3章・目立つらしくてー2
「アイラ、こっちよ。」
武闘大会の本戦当日、露天が並ぶものの、まだ本格的に人で動けなくなる前の大通りを抜けてたどり着いた闘技場の観覧席で、大きな声で呼ぶ声に反応したアイラは周囲を見渡し、声の主であるカミラを見つけると、手を振って彼女の元へ向かった。
「おはようございます。早いですね。」
カミラは一般観覧で見られる最も良い位置に陣取っている。
「今来たところよ。前の方の席はこれぐらいじゃないと取れないしね。それに、早いのはアンタもじゃない。」
「いえ、なんだか目が覚めてしまいまして……。」
二日前の夜、本戦出場者の中に宗絃の名前がある事を確認して胸を撫で下ろしたのだが奥底ではまだまだ心配していたらしい。
ため息をついたアイラに、
「分かる。分かるぞぅ、アイラ!アイツは第一試合からだからな。寝坊するんじゃないかと俺も心配してるんだ。」
と背後から会話に乱入してくる声があった。
「テ、テッカンさん?ひょっとして、もうお酒飲んでるんですか?」
酔っているかは分かりづらいがいつもより少しテンションが高い。
「祭りだからな。」
ニヤリと笑うテッカンにカミラも、
「私も買ってこようかな。いい席は取れたし。」
と悩み始めた。
そんな会話をしているうちに彼女達が懸念していた通り、会場が見やすい席が一気に埋まり始めた。
「もうゴータスは合流できないわね。地方の大会だけどここまで人が入るとは思ってなかったわ。」
「ウチのガキどももダチと行くって言ってたが、もう後ろで立ち見しかないだろうなぁ。」
会場は僅かに中心部が下がった円錐形で、非常に薄くしたコロッセオのような作りになっている。

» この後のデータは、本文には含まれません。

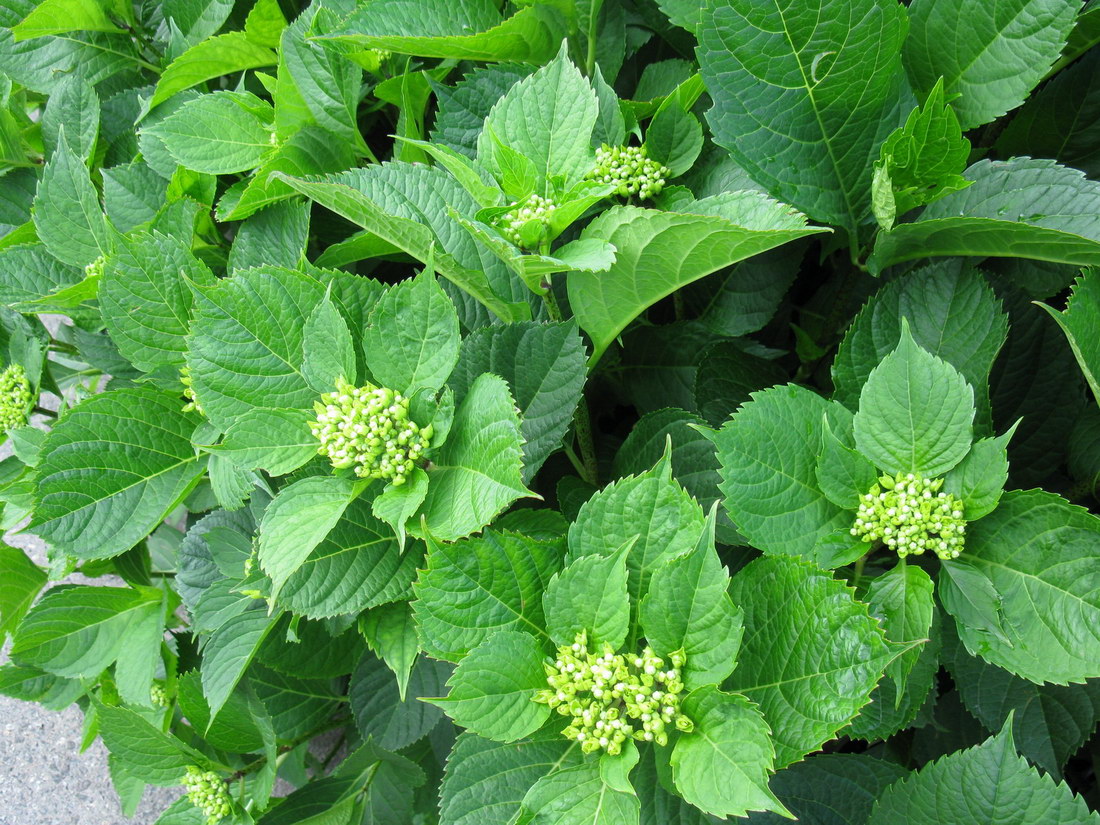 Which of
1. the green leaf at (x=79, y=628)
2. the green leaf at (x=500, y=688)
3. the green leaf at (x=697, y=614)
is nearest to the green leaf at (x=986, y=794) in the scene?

前方には座席が設けられているが後方は完全に立ち見となるのだ。一定距離を離れると平地になってしまうため一気に舞台が見づらくなる作りになっていた。
座席が全て埋まり、立ち見客の場所取りが始まった頃にあちこちで売り子が商売を始める。酒やつまみ、欲しいものがなければお遣いも頼めるサービスだが、売っているのは食品だけではない。
寄ってきたのは地元の商人で暁光の導きの面々も知っている顔だった。
「ようカミラ、チケットはいらねぇか?」
座席などではなく、優勝者予想の賭けへの参加チケットである。
「当然もうベット済み!ウィルの倍率、低いんじゃないの?」
酒とつまみを買いながらカミラが言う。
ここで買えるチケットはチケット代金分しか賭けられないが、前日までに正規の販売所に行けば好きな金額を賭けられる。チケットによる賭けは当日で少額にしかならないため、当然カミラ達の眼中にはない。
カミラの疑問にアイラとテッカンもそれはそうだろうと思っていたが、答えは意外なものだった。
「あれ?知らないのか?ウィルは二番人気だぞ?」
三人が驚きの声を上げると商人は意外そうな顔をして、
「冒険者協会の本部の方々について来たエルフの姉ちゃんが一番人気だ。ミナとか言ってたな。どこかのクラン所属で一気にランクを上げてるが実力は折り紙つきらしい。Bまでは確実とか言ってる奴もいたな。チケットは限りがあるからな。欲しくなったなら買うのは今のうちだぜ。じゃあな。」
と答えると、商売に戻り、アイラ達の隣にいた女性に大量の酒とつまみを売り始めた。
いくつものパーティーが合わさって結成されるのがクランである。認定は冒険者協会が行うのだが独自に依頼を受けられるなど数々の特権を持ち、冒険者協会と同等以上の力を持っている。
所属するにもそれなりの実力を求められるため、ランクの高いパーティーで依頼に参加してランクを上げたとしても、ミナの力はそれなりのものということになる。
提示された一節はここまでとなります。